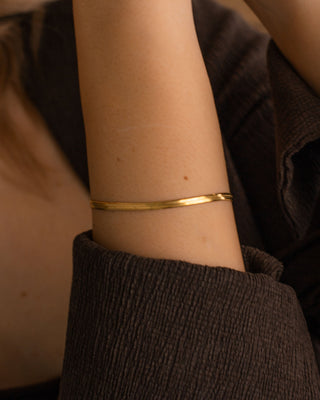 Thin Herringbone Bracelet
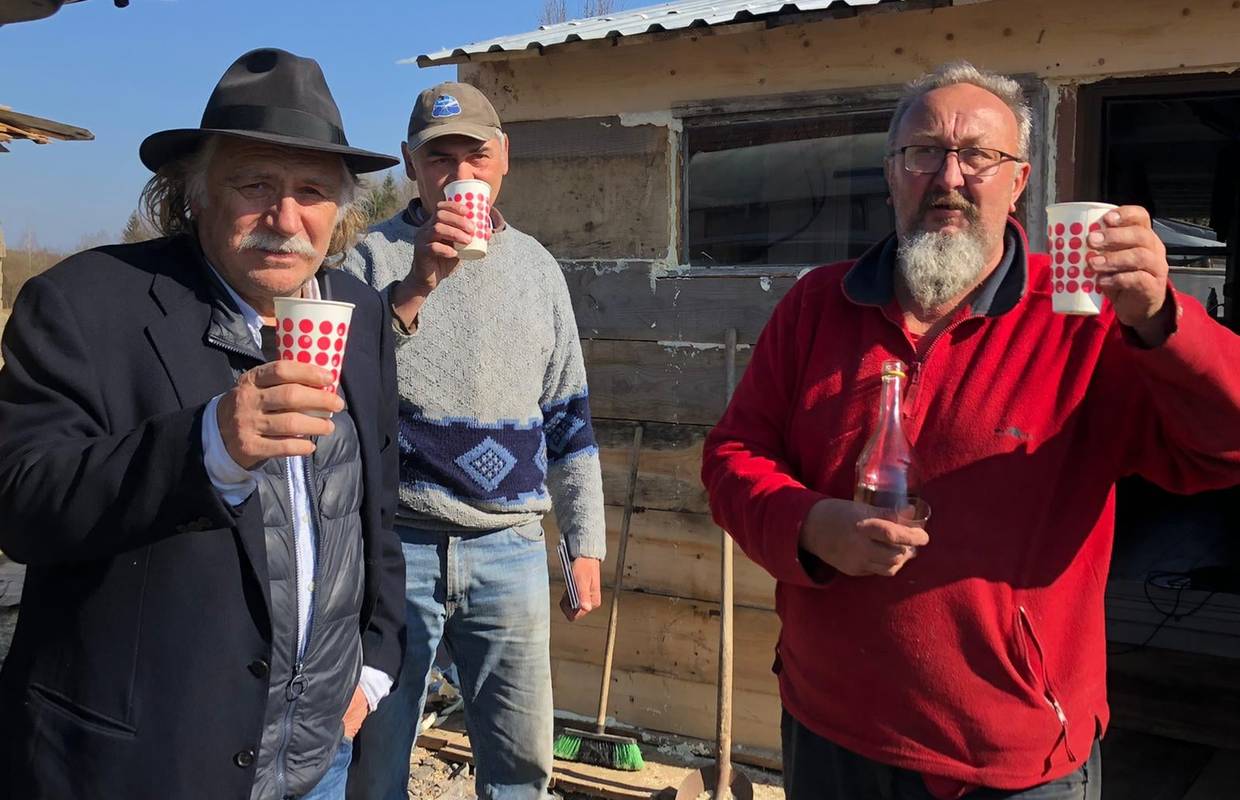 Šerbedžija posjetio Banovinu i obećao pomoći obnoviti kuće tri obitelji koje su ostale bez svega
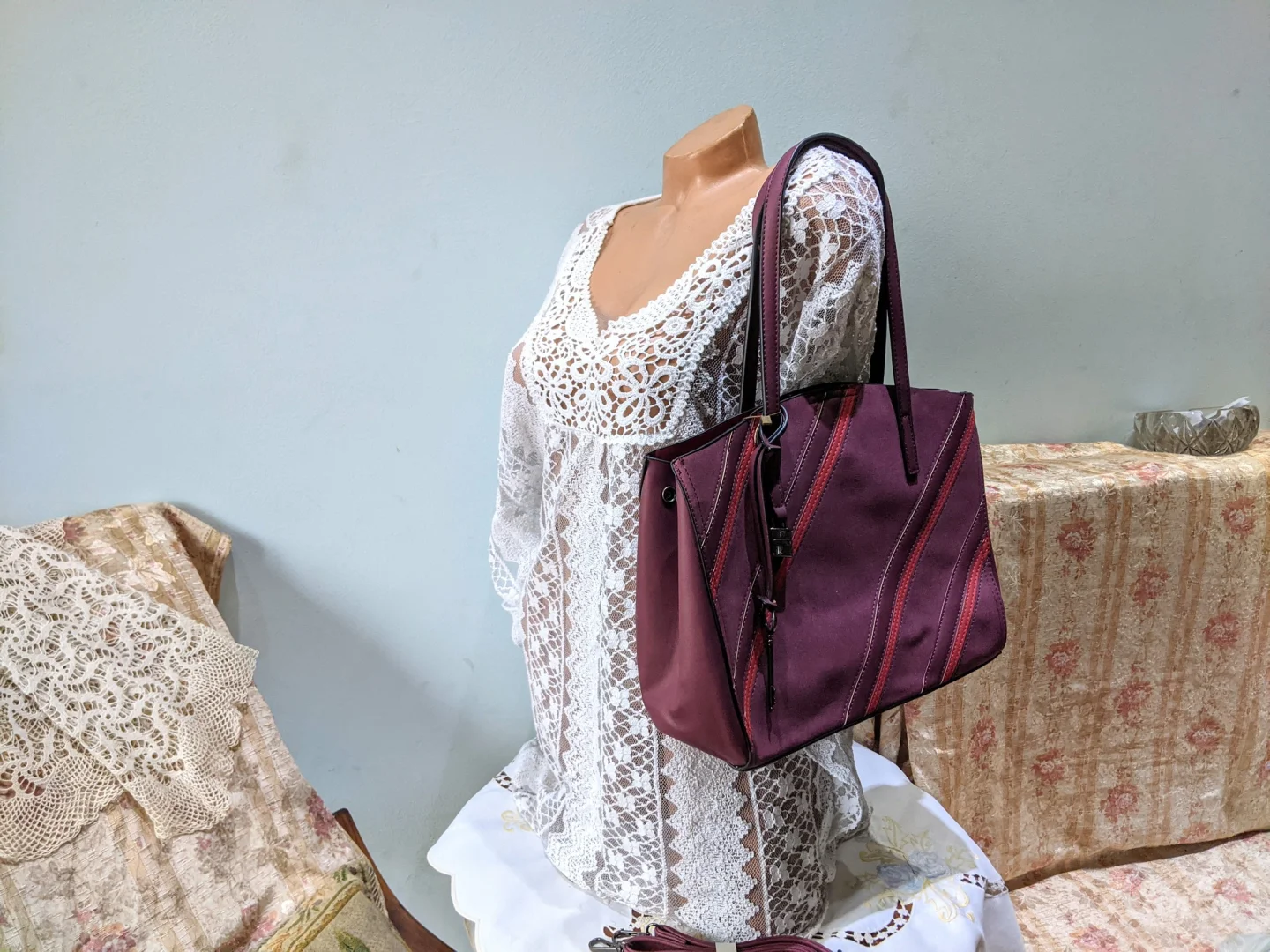 Bag To Bag- burgund boje, HIT SEZONE- Nova sa etiketom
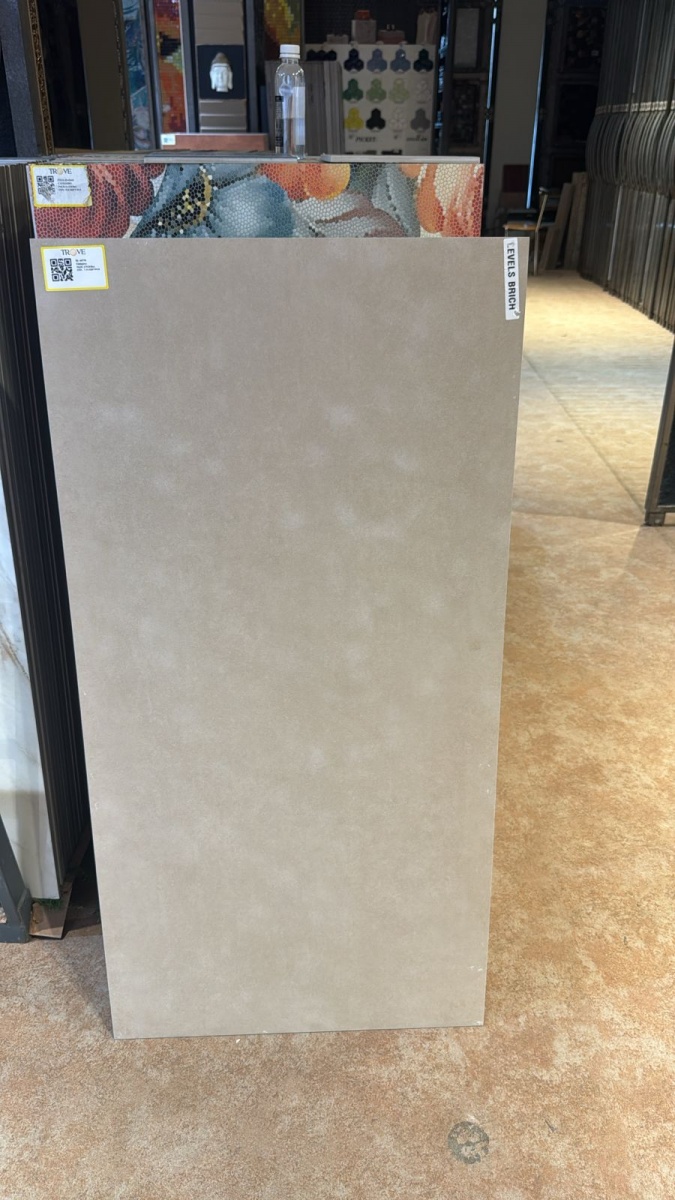 TRV402 - INDVT - LEVELS BRICH PLAIN [DIGIMATT] (1200 X 600) [OO]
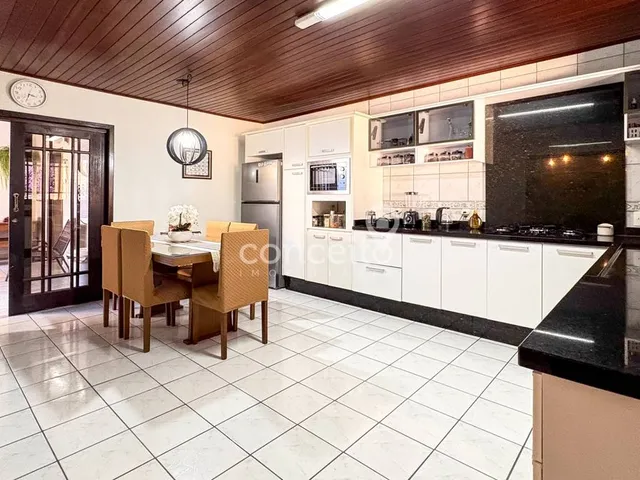 Imagem 6: Casa Semimobiliada com 5 Dormitórios sendo 1 Suíte na Itoupava Norte!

▶ [TASK]: Pass over the images and copy the rest of the material above exactly.

▶ [SOLVED PROBLEM]:
 Thin Herringbone Bracelet
 Šerbedžija posjetio Banovinu i obećao pomoći obnoviti kuće tri obitelji koje su ostale bez svega
 Bag To Bag- burgund boje, HIT SEZONE- Nova sa etiketom
 TRV402 - INDVT - LEVELS BRICH PLAIN [DIGIMATT] (1200 X 600) [OO]
 Imagem 6: Casa Semimobiliada com 5 Dormitórios sendo 1 Suíte na Itoupava Norte!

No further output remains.